YOUR ASSIGNMENT: Once the line containing "On the recipe" is reached, copy it and every line after it exactly, to the end of the material, without pictures.

LISTED RECORDS:

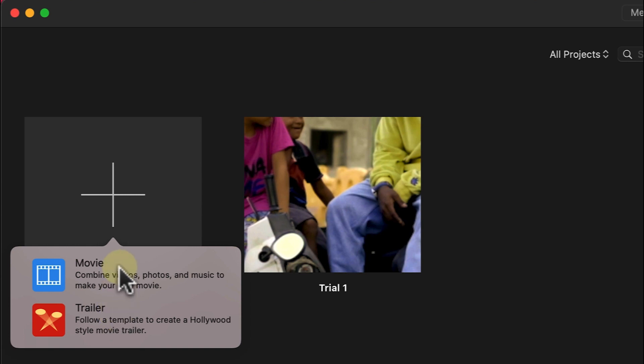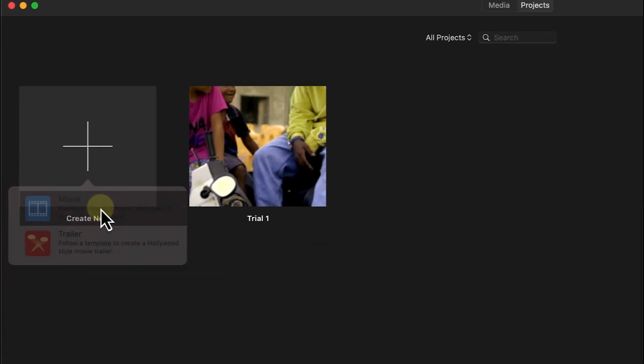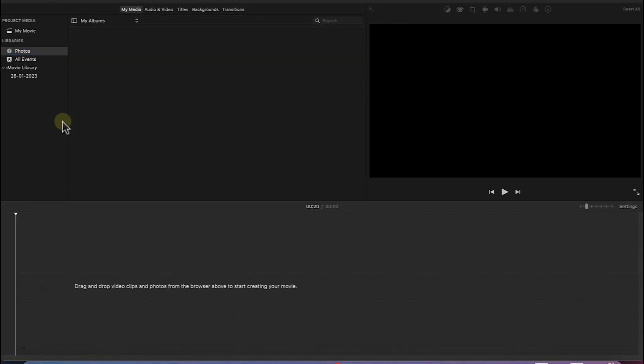Or you can make movies directly or from scratch using your videos, photos and music. And this is the option we are going to go for for now, which is the movie, which is starting a video from scratch. So you just click and it will just bring you over to this.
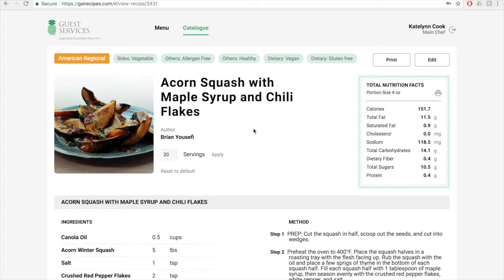On the recipe view page, you are able to view, scale, edit, print the recipe, and print the nutrition label.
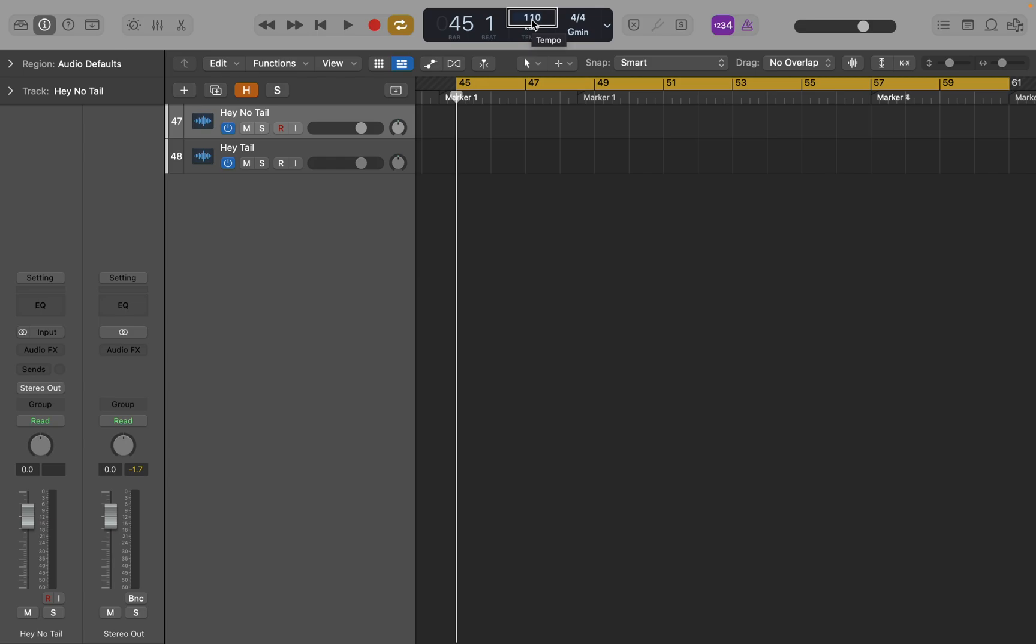So that is a quick way to get to the tempo. Just remember, if you do VO-I to bring up item chooser, type in tempo, hit return, and VO-space on tempo, you will then be able to type in the tempo. Next question.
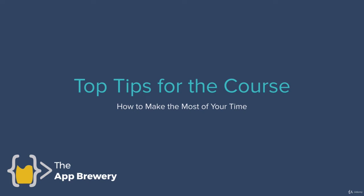Hi guys and welcome to the course. After thousands of students have taken this course I've compiled some of the top tips from the most successful students to help you make the most of your time on the course.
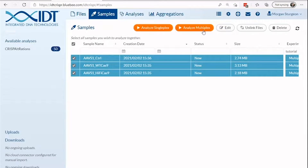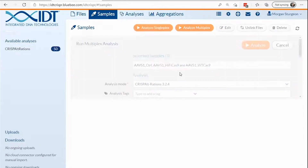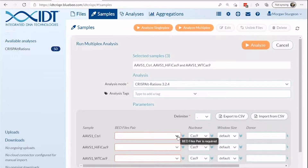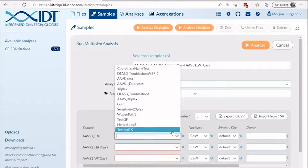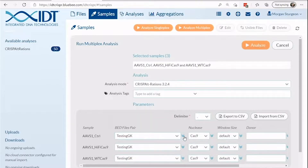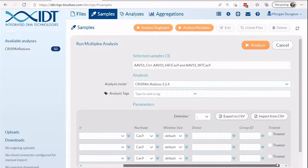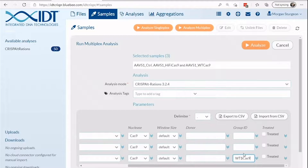To begin, select the desired samples and click the Analyze Multiplex button. To pair your guide and amplicon bed files, watch the video titled How to Quality Control Check Multiplex File Inputs. Once successfully QC'd, you may select your guide and amplicon pairs, and other relevant run information such as CRISPR nuclease used, the window size for interrogating variants, nucleotide sequences for HDR donors used, sample name information, and whether it was treated or untreated.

RESPONSE BOX:
On the recipe view page, you are able to view, scale, edit, print the recipe, and print the nutrition label.
So that is a quick way to get to the tempo. Just remember, if you do VO-I to bring up item chooser, type in tempo, hit return, and VO-space on tempo, you will then be able to type in the tempo. Next question.
Hi guys and welcome to the course. After thousands of students have taken this course I've compiled some of the top tips from the most successful students to help you make the most of your time on the course.
To begin, select the desired samples and click the Analyze Multiplex button. To pair your guide and amplicon bed files, watch the video titled How to Quality Control Check Multiplex File Inputs. Once successfully QC'd, you may select your guide and amplicon pairs, and other relevant run information such as CRISPR nuclease used, the window size for interrogating variants, nucleotide sequences for HDR donors used, sample name information, and whether it was treated or untreated.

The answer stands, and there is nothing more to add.